E tem dado certo. As mensagens de Mariana ajudaram a estudante de Belo Horizonte Laura Moreno, de 9 anos. Ela possui uma pinta entre os lábios e o nariz e desistiu de esconder com maquiagem ou tirar a manchinha: “Depois que vi a Mariana falando, vi que ela gostava dela do jeito que ela é, mesmo com a pinta”. Laura diz que se incomodava com os comentários dos colegas. “Eles me perguntavam se estava sujo e, quando viam que não saía, comentavam no ouvido do outro e riam”, lamenta. A mãe de Laura, Viviane Moreno, diz que o problema passou a existir para a filha quando ela mudou de escola. “Antes, os colegas tinham crescido junto com ela e nem ‘enxergavam’ a mancha, era natural. Na nova escola, os colegas começaram a comentar, e ela passou a me perguntar por que nunca a havia levado a um médico para tirar a manchinha”, conta a mãe. De acordo com a psicóloga e conselheira do Conselho Federal de Psicologia Iolete Ribeiro, isso acontece porque “a sociedade não se acostumou a olhar cada pessoa como única”. “O bullying só existe e incomoda porque fazemos a comparação com uma imagem padrão idealizada que nunca se alcança. Todos nós temos algo peculiar, não somos simétricos e somos únicos”, completa. Laura entendeu a mensagem e está decidida: “Eu não quero mais tirar. Passei a gostar da minha pinta”.
Questão de saúde
A paulista Tainá Cunha, de 8 anos, que tem um nevo gigante nas costas, também tira de letra quando o assunto é aceitação. “Nunca pensei em tirar, não!”, diz. Ela, inclusive, já figurou na campanha de um hospital na Suíça. Além disso, participa das atividades da Associação Nevus Brasil (em inglês, normalmente usa-se “nevus” ou “naevus”, o termo em latim) e é estrela principal da comunidade Nevus Gigante, ambas criadas por sua mãe, Brisa Cunha. Desde que Tainá nasceu, a dona de casa, que não conhecia nada sobre o assunto, passou a estudar e se informar sobre os nevos. Hoje, promove encontros de pais e pessoas com essas manchas no Brasil e no mundo, levando informação e dando espaço para que esclareçam e discutam o tema. “É importante ressaltar que as manchas não são uma questão só de aparência; algumas, mais graves, podem virar problemas de saúde”, diz.

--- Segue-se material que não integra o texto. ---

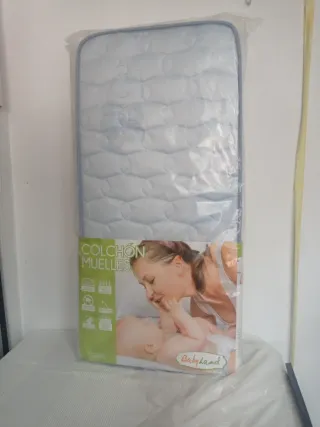 Colchón cuna muelles BabyLand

E quem tem os nevos sabe que o acompanhamento médico é indispensável. Quando uma criança nasce com uma mancha na pele, é importante que ela consulte um médico pediatra neonatologista ou um dermatologista especializado em crianças. “Ambos estão aptos a fazer o diagnóstico inicial da natureza da lesão e determinar a necessidade e a frequência de acompanhamento médico. Em geral, manchas vasculares ou lesões elevadas arroxeadas devem ser acompanhadas de perto e tratadas sempre que estiverem impedindo alguma função importante, como a visão ou a deglutição, por exemplo”, endossa a médica paulista especialista da Sociedade Brasileira de Dermatologia Tatiana Gabbi.
A mancha de Tainá, apesar de gigante, não traz consigo nenhum problema de saúde, não dói e não infecciona. Porém, sabe-se que quem tem nevos tem uma propensão maior a desenvolver melanoma. Daí a importância do acompanhamento periódico. A Associação Nevus Brasil não recebe apoio financeiro de ninguém. É a própria fundadora e seus associados que a mantêm viva. E, se depender de Tainá, ela continuará por muito tempo. “Ela fala que quando eu cansar quem vai continuar na Associação é ela”, diz Brisa, orgulhosa da filha.